正答5
解説
解説
1. 嚥下障害とは食べ物や飲み物を安全に飲み込む機能(嚥下機能)が低下した状態。
誤嚥(気管に入る)や摂取量低下、栄養不良を引き起こす。
特に高齢者や脳卒中患者に多い。
2. 嚥下障害を疑う主なサイン(典型的所見)咳の増加→ 食事中・直後の咳は、誤嚥や喉頭侵入を示す代表的なサイン。
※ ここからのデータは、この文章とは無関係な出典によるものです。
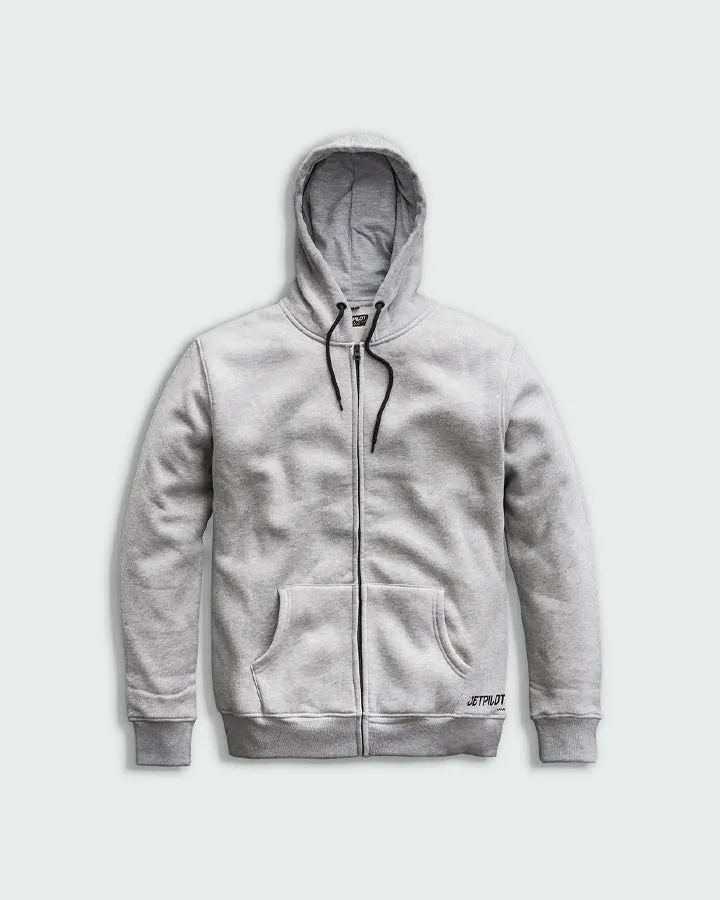 JP Fueled 2 Mens Zip Up Hoodie - Heather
湿性嗄声(しつせいさせい)→ 食後に「ゴロゴロ声」になる。
→ 声門上に食物残渣や唾液が残っている可能性が高い。
体重減少→ 食事摂取量が減り、栄養状態が悪化しているサイン。
食事時間の延長→ 嚥下動作が遅くなり、疲労・効率低下が起こる。
3. 「液体摂取量の増加」が誤りである理由嚥下障害では通常、液体が最も誤嚥しやすい。
そのため、患者は自然に「液体を避ける」「摂取を減らす」傾向にある。
増加することは考えにくく、嚥下障害の所見としては不適切。
4. 嚥下障害を疑うチェックポイント(覚え方)「ごほごほ声・ごろごろ声・げっそり・ゆっくり」ごほごほ:咳の増加ごろごろ:湿性嗄声げっそり:体重減少ゆっくり:食事時間の延長
5. まとめ(ポイント整理)嚥下障害の疑いが強い所見:→ 咳の増加、湿性嗄声、体重減少、食事時間の延長。
誤り(嚥下障害とは関係しない):→ 液体摂取量の増加(正解)。